Brief:
Omit all pictures, and print word for word only the lines from the one containing "11, MEADOWRIDGE, HATCH" through the end of the data.

Data shown:
--

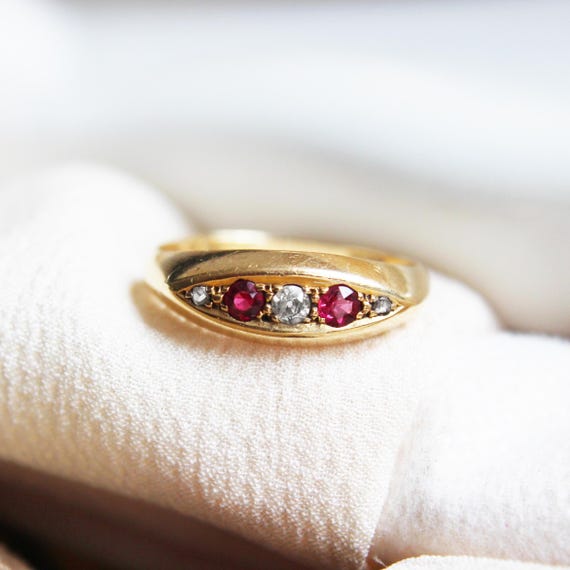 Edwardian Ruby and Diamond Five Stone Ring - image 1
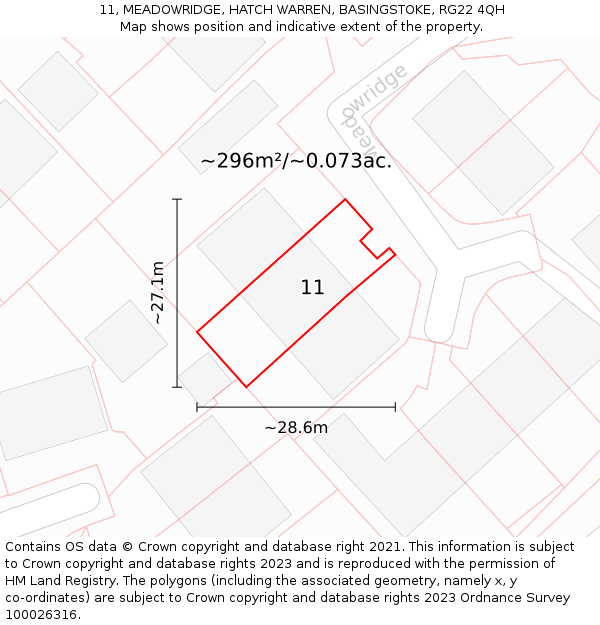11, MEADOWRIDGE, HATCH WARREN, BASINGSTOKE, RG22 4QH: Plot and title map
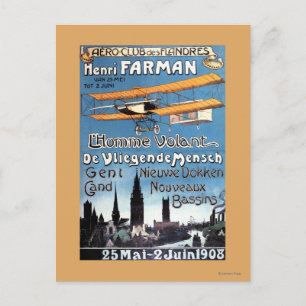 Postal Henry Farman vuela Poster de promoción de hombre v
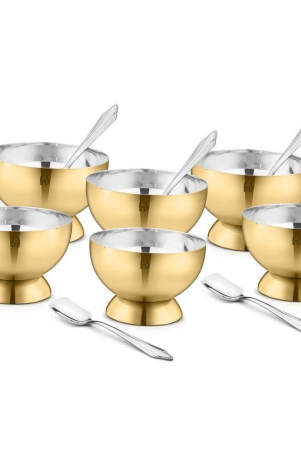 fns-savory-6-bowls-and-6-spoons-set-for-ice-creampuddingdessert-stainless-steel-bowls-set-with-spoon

--

Task answer:
11, MEADOWRIDGE, HATCH WARREN, BASINGSTOKE, RG22 4QH: Plot and title map
 Postal Henry Farman vuela Poster de promoción de hombre v
 fns-savory-6-bowls-and-6-spoons-set-for-ice-creampuddingdessert-stainless-steel-bowls-set-with-spoon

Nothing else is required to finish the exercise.